▶ ASSIGNMENT
Below are some records. Return exactly the lines from the one containing "Paws Hund Kat" through the one containing "بلدي ليتل الماعز", both included, and only those.

▶ DATA
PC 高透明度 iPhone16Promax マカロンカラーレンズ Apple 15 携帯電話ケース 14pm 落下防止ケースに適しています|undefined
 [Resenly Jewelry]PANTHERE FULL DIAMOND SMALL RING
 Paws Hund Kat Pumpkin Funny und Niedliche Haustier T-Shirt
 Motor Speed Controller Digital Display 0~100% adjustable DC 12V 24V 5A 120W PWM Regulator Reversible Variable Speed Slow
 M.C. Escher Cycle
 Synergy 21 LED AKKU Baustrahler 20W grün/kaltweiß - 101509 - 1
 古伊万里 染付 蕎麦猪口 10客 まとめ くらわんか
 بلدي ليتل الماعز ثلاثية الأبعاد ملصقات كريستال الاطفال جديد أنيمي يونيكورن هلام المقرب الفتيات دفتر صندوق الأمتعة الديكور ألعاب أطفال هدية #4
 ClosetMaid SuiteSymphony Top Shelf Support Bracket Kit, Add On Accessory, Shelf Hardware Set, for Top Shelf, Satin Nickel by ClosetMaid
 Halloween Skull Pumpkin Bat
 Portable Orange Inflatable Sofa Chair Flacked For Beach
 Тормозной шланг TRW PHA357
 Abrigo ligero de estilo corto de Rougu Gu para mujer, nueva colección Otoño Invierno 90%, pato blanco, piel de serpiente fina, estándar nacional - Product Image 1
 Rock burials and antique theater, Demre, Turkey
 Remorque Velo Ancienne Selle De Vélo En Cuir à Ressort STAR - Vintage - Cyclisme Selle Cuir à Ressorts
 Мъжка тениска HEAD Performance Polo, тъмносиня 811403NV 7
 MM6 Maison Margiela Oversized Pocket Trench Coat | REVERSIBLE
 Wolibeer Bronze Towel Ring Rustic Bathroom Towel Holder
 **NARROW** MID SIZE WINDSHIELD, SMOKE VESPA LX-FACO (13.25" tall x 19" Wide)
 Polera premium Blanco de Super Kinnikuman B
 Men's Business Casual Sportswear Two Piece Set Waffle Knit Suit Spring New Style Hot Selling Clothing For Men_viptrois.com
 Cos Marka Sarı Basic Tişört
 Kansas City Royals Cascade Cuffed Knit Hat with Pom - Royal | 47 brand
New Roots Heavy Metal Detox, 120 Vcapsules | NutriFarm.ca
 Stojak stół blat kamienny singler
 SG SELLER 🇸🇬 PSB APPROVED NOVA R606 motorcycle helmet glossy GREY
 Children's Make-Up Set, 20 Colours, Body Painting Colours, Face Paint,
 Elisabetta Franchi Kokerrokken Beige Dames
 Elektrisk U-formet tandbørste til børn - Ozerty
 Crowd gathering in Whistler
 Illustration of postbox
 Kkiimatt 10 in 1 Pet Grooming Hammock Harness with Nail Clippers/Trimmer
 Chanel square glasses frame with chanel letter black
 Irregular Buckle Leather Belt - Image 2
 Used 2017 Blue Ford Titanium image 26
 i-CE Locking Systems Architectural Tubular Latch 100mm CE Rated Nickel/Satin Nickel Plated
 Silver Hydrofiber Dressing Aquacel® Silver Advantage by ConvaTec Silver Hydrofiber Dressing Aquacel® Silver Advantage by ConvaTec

▶ WRITTEN REPLY
 Paws Hund Kat Pumpkin Funny und Niedliche Haustier T-Shirt
 Motor Speed Controller Digital Display 0~100% adjustable DC 12V 24V 5A 120W PWM Regulator Reversible Variable Speed Slow
 M.C. Escher Cycle
 Synergy 21 LED AKKU Baustrahler 20W grün/kaltweiß - 101509 - 1
 古伊万里 染付 蕎麦猪口 10客 まとめ くらわんか
 بلدي ليتل الماعز ثلاثية الأبعاد ملصقات كريستال الاطفال جديد أنيمي يونيكورن هلام المقرب الفتيات دفتر صندوق الأمتعة الديكور ألعاب أطفال هدية #4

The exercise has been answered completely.